One minute there was nothing. The next minute she had no head.

There was blood spattered all over his face, bits of brain glued to his skin and up his nose and stuck in the corner of his mouth.

He screamed. More blood. In his mouth. The taste was like being on fire. He kept screaming. He could barely hear the gunfire.

"Come on, medic! Get out here! We've got wounded!"

He shook his head frantically, knees pulled up to his chest. He wasn't thinking anymore.

"Goddamn it, medic!" A hand roughly pulled him out of the Jeep. He stumbled forward and saw the soldier, writhing on the sandy ground, clutching his stomach, one arm thrown across his eyes to shield him from the sun. He couldn't have been more than nineteen, his pasty face spattered with freckles and blood.

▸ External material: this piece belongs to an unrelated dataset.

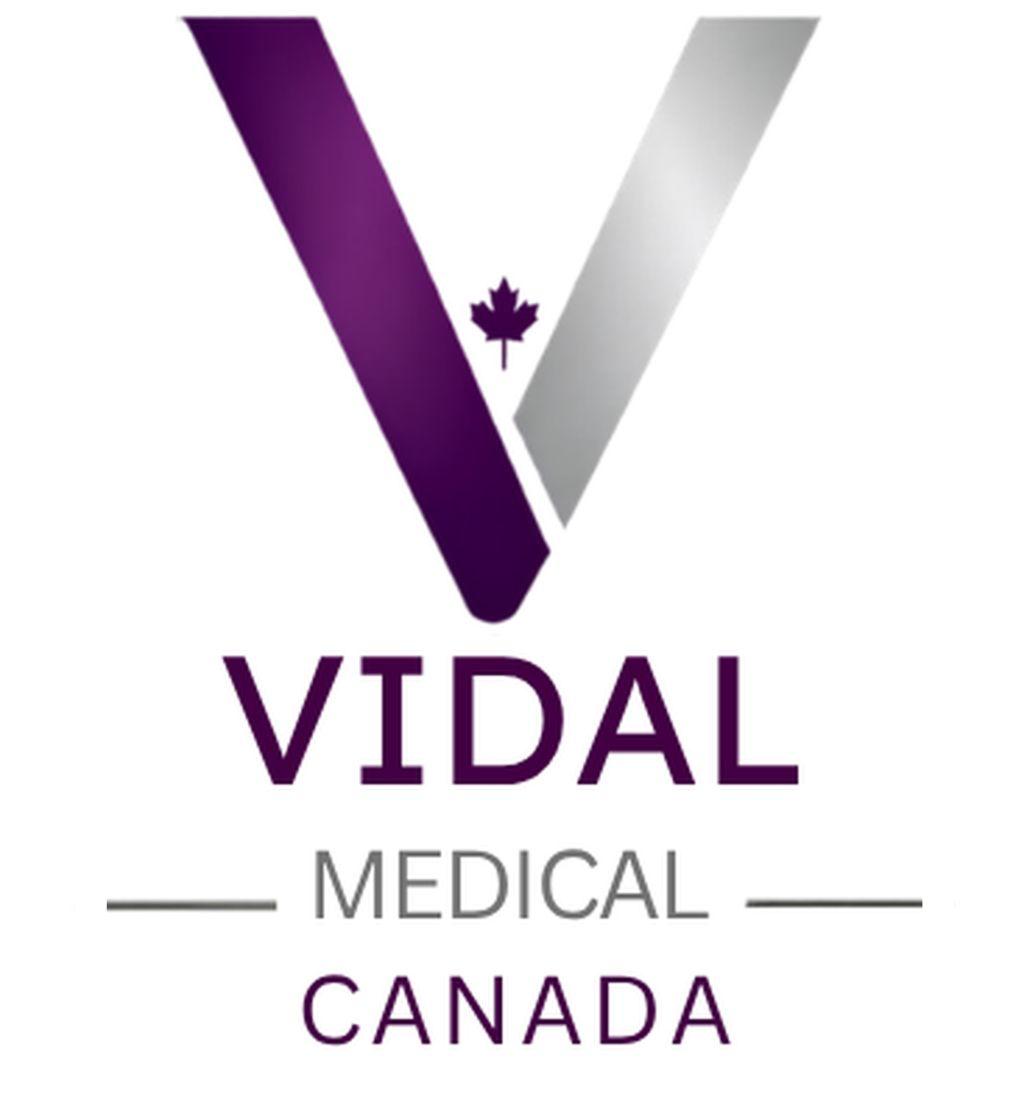 Vidal Medical Canada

John's head cleared. He knew how to deal with this. He knew what to do. Just focus on the work. Just relax and do your job, doctor. Just relax and do your job, doctor. The words kept repeating in his head.

He knelt and coaxed him to remove his hand from the wound. His hands started shaking again when he saw. There was so much blood. He could see the intestines. He forced himself to open his medical kit and start working. He could do it. Cauterize. Clean. Stitch. Bandage. He could do it.

His hands were covered in blood. It just kept coming. There was so much of it. The boy's face was turning pale. He saw his eyelids flutter. No. No. I've almost got it stitched. You can't die now.

But the proof was thick and coagulated all around him. He'd lost too much blood. His head tilted to one side. The heart was loud and curiously slowed down against his fingers. He'd taken too long. He hadn't been there when he still could have saved. No. Wait. Please wait. Just a moment longer. I can do it. I can still save you.

His gaze was caught, trapped like flies in amber, by the boy's green eyes. There was so much life in those eyes. And then there wasn't.

Mary shook him, forced him awake, tore him out of that endless war that could never be won, like she'd done so many times. He howled, buried his face in her chest, and sobbed like a little boy.

She held him tight and stroked his hair, soothing and 'shh'ing him, wishing she could do something substantial to help him. If anyone should have to go through this every night - which she sincerely doubted - it should be her.

Yet here he was, tormented, afraid to go to sleep at night, shouldering bravely through every day resolved and resigned to this living hell, while she felt nothing. She was no psychopath; that was just the only excuse she could come up with. She was perfectly capable of love. She loved John. Yet she never felt a thing about killing.

She wasn't afraid of death. Anyone's death. It had never made sense to her what the big deal was. Everyone died, what was the matter in going a little early? But John didn't feel the same - the man who cared and loved more than anyone else, who had cared and loved enough to forgive her. He shouldn't have to go through this.